Records from a collection:
>>>

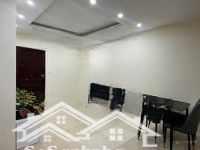 bán chung cư mini 1pn, 1wc, 45m2 tại đường phú cát, xã phú cát, quốc oai, hà nội, 1,47 tỷ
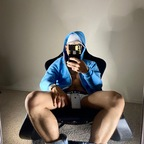 Leaked beachball onlyfans leaked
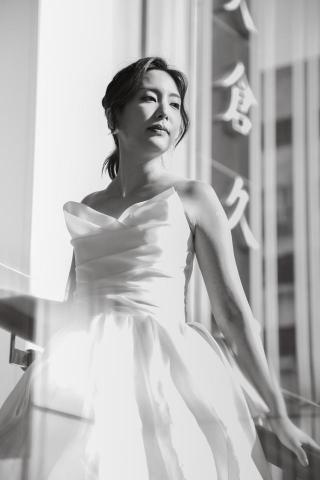 安然｜an ran film - 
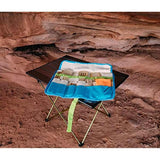 Ultimate Survival Technologies Camp Kitchen Roll Up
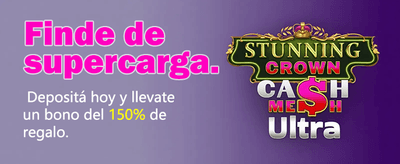 Los mejores slots de Argentina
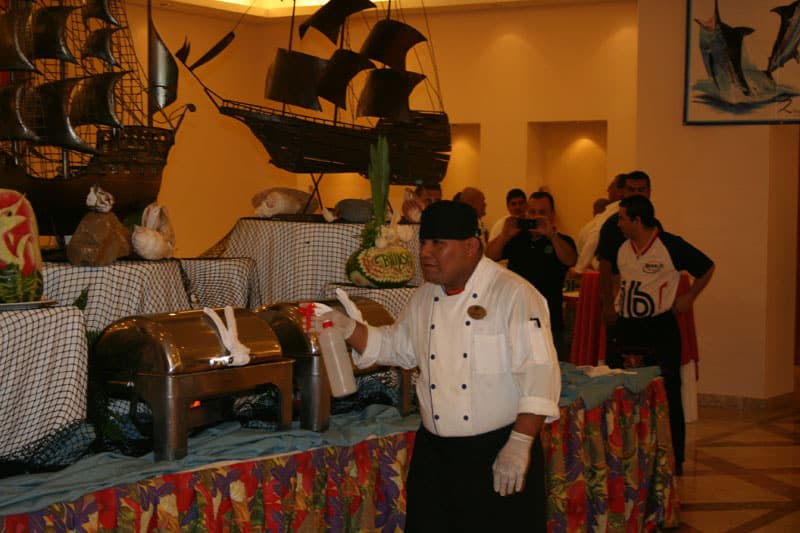 cabo captains meeting013.jpg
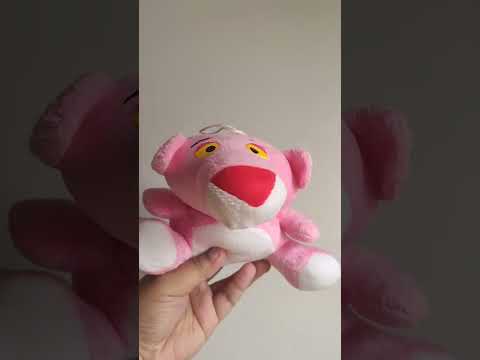 PART 41 | Claw Machine Win | Arcade Moments! #plushielife #plushtoy #plush #win #compilation #fyp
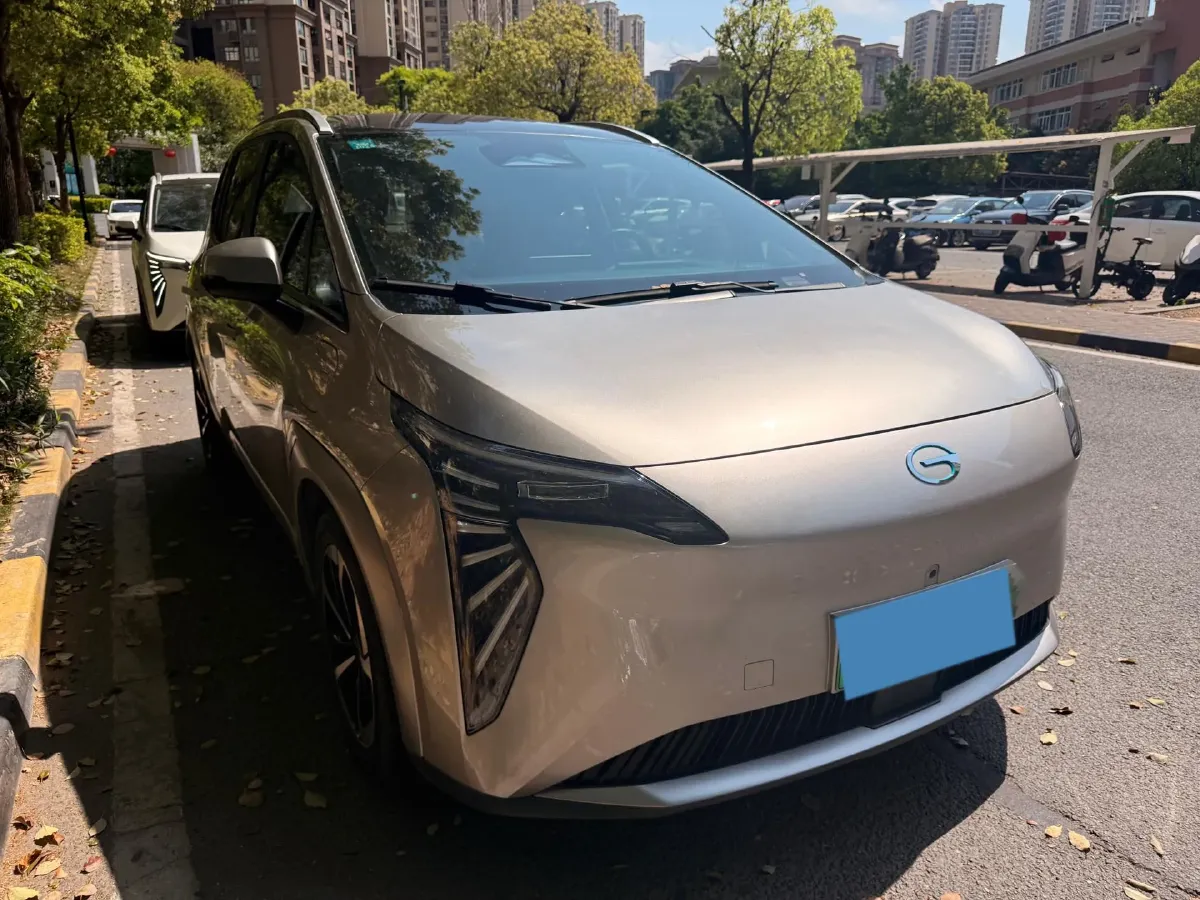 2023 Aion S BEV 55.5KWH,autocango,china used car exporter,china ev exporter,chinese used car exporter,chinese used ev exporter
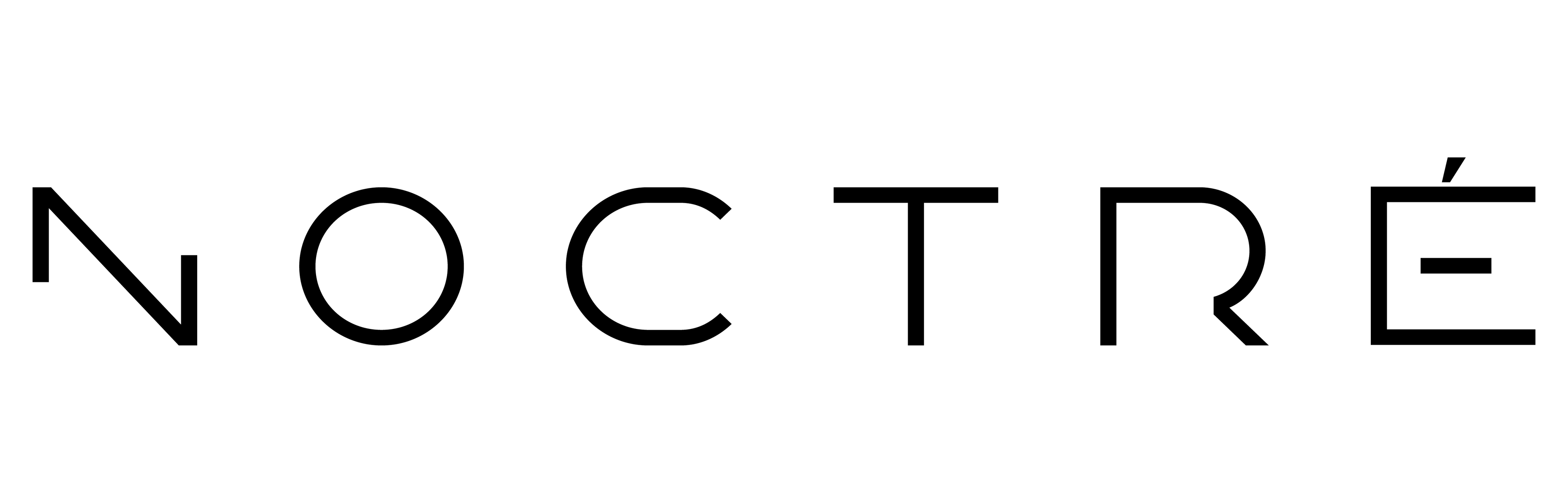 NOCTRÉ®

<<<

Once the line containing "Leaked beachball onlyfans leaked" is found, it and every line through the end of the records above should be output exactly, with no pictures.

Solution for this task:
 Leaked beachball onlyfans leaked
 安然｜an ran film - 
 Ultimate Survival Technologies Camp Kitchen Roll Up
 Los mejores slots de Argentina
 cabo captains meeting013.jpg
 PART 41 | Claw Machine Win | Arcade Moments! #plushielife #plushtoy #plush #win #compilation #fyp
 2023 Aion S BEV 55.5KWH,autocango,china used car exporter,china ev exporter,chinese used car exporter,chinese used ev exporter
 NOCTRÉ®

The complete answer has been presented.